総会の冒頭、大戸屋ホールディングスの窪田健一社長は、1500人近い株主の前で、涙で声をうわずらせながら、こう訴えた。
「私は尊敬する三森久実前会長のようなカリスマ性のある経営者ではありません。だからこそ、風通しのよい企業風土を作り、新たな経営体制で、大戸屋の経営理念の実現に向け邁進していきたいと思います。(略)それこそが、志半ばにして亡くなった、前会長への最大の恩返しであると考えております」
役員人事をめぐる両者の溝
6月23日、大戸屋は東京都内のホテルで定時株主総会を開催した。会社側からは第1号議案として、取締役11名選任の件、第2号議案として監査役2名選任の件が議案として提示されている。

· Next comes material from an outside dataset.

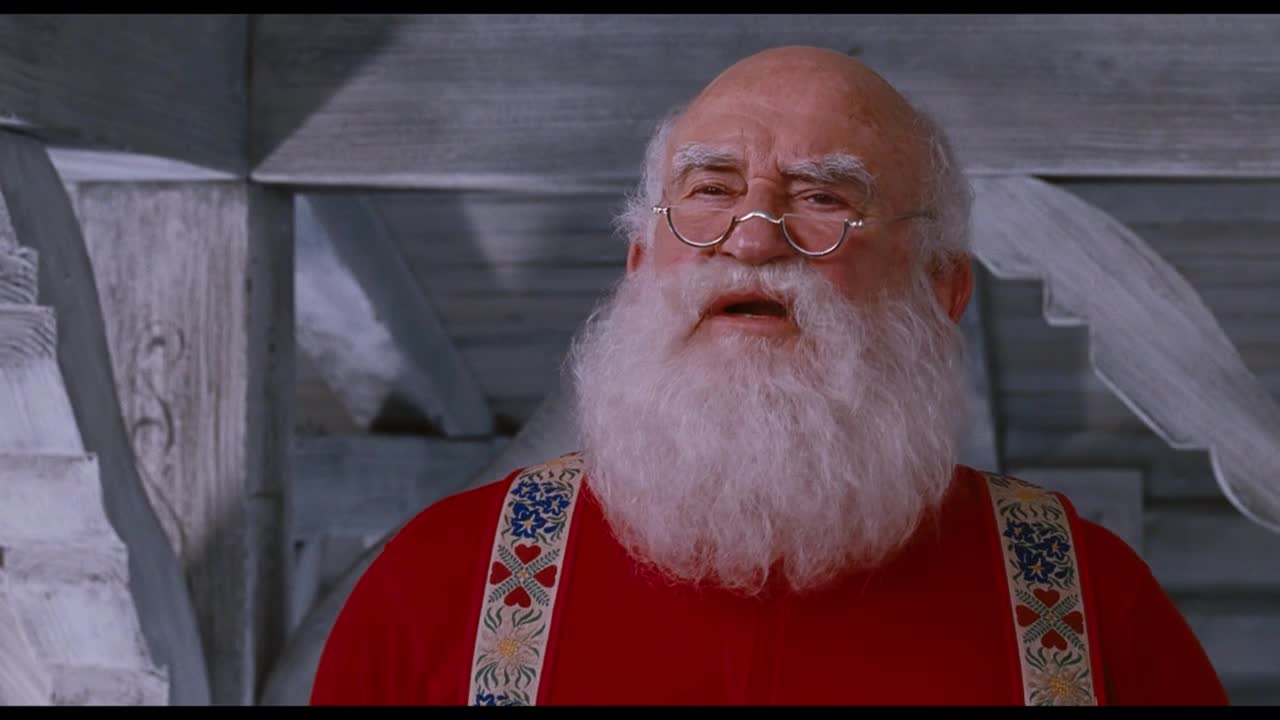 Santa Claus, in his red suit and suspenders, looks up with a slightly surprised expression. Behind him, a white veil or curtain billows in the air, likely a scene from a movie on Crave 4.
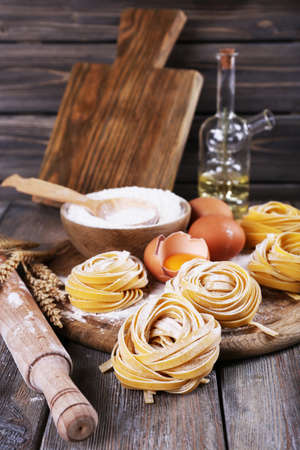 Raw homemade pasta and ingredients for pasta on wooden の写真素材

定食屋「大戸屋ごはん処」を国内に340店ほどを展開する大戸屋がにわかに話題を集めたのは、5月中旬のこと。会社側が発表した役員人事案に、創業家が反対の意向を示したことにさかのぼる。
事態の経緯はこうだ。2015年7月、実質的な創業者だった会長の三森久実氏が57歳で急逝した。久実氏は18.79%の株式を保有したまま亡くなったが、妻が13.15%を、息子の智仁氏が5.64%を、今年3月にそれぞれ相続している。
久実氏は亡くなる直前の2015年6月に、智仁氏(当時26歳)を常務取締役に任命している。ただ、智仁氏は2013年に大戸屋へ入社したばかりで、目立った実績があるわけではない。ある関係者は「久実氏は智仁氏をいつか自分の後継者にという思いがあったようだ」と語る。